Thursday, March 31, 2011

James Gleick's "The Information: A History, A Theory, A Flood"


This is a monster of a book. It is a vast landscape in which there are sections of pure delight and others where the writer appears to have gone a bit too far and ended up beached and lost. The bits about "information flood" and especially the many occasions on which Gleick turns to Jorge Luis Borges’s story "The Library of Babel" is a bit much for my taste. I found nothing useful on the musings about infinite random texts or the historial worries about "too much information". On the whole, however, the book is well worth reading.

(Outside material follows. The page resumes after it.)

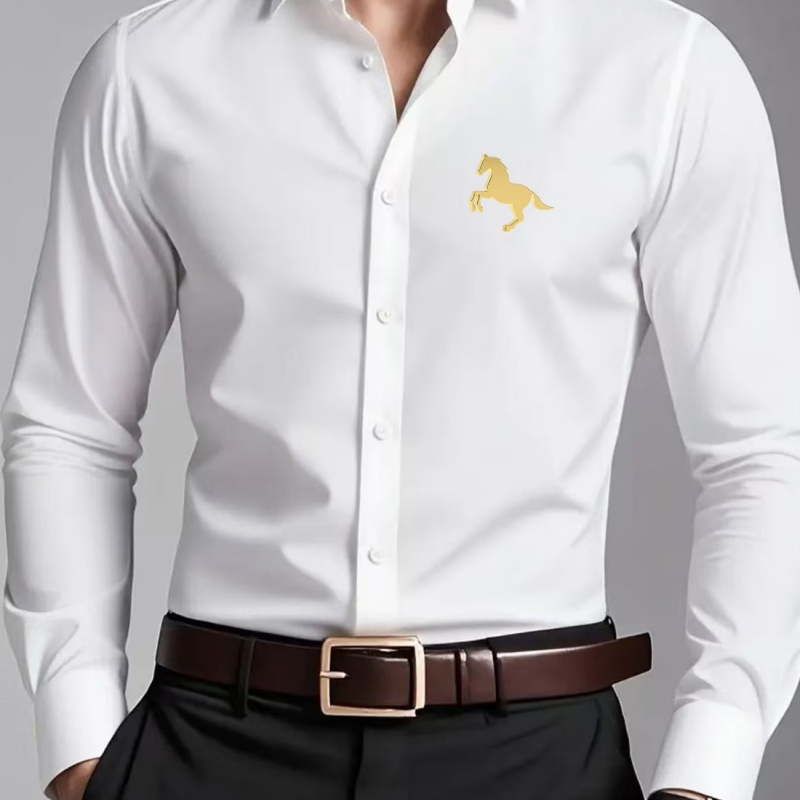 Men Formal Wear Shop - 우아한 황금 말 로고 프린트 남성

For me, the meat-and-potatoes of this book are the sections on logic, cryptology, information theory, and quantum information. The other historical bits of fun to read but distracting. The real value in this book is that it offers a nice historical review of the rise of understanding about symbol manipulation and the mathematics of "information". The vignettes about key historical figures adds an excellent layer to the technical account.

The good news is that this book is accessible to anyone with a modest technical background. It doesn't try to teach you theories or delve into the mathematics, but it gives you a good appreciation of this technical side of things. The weaving of a story through several technical displines and their key personalities gives you good insight into how the "science of information" has developed and its trajectory into the future via the great 20th century physicist John Archibald Wheeler's maxim of "it from bit".

An excellent review of this book by Freeman Dyson can be found here as well as links to subsidiary information about Gleick.

Update 2011aug22: A less useful review is available via the NY Times Sunday Book Review from Geoffrey Nunberg:
Gleick ranges over the scientific landscape in a looping itinerary that takes the reader from Maxwell’s demon to Godel’s theorem, from black holes to selfish genes. Some of the concepts are challenging, but as in previous books like “Chaos” and “Genius,” his biography of Richard Feynman, Gleick provides lucid expositions for readers who are up to following the science and suggestive analogies for those who are just reading for the plot. And there are anecdotes that every reader can enjoy: Shannon building a machine called Throbac I that did arithmetic with Roman numerals; the Victorian polymath Charles Babbage writing to Tennyson to take exception to the arithmetic in “Every minute dies a man / Every minute one is born.”
Nunberg provides a literate review but not a particularly insightful.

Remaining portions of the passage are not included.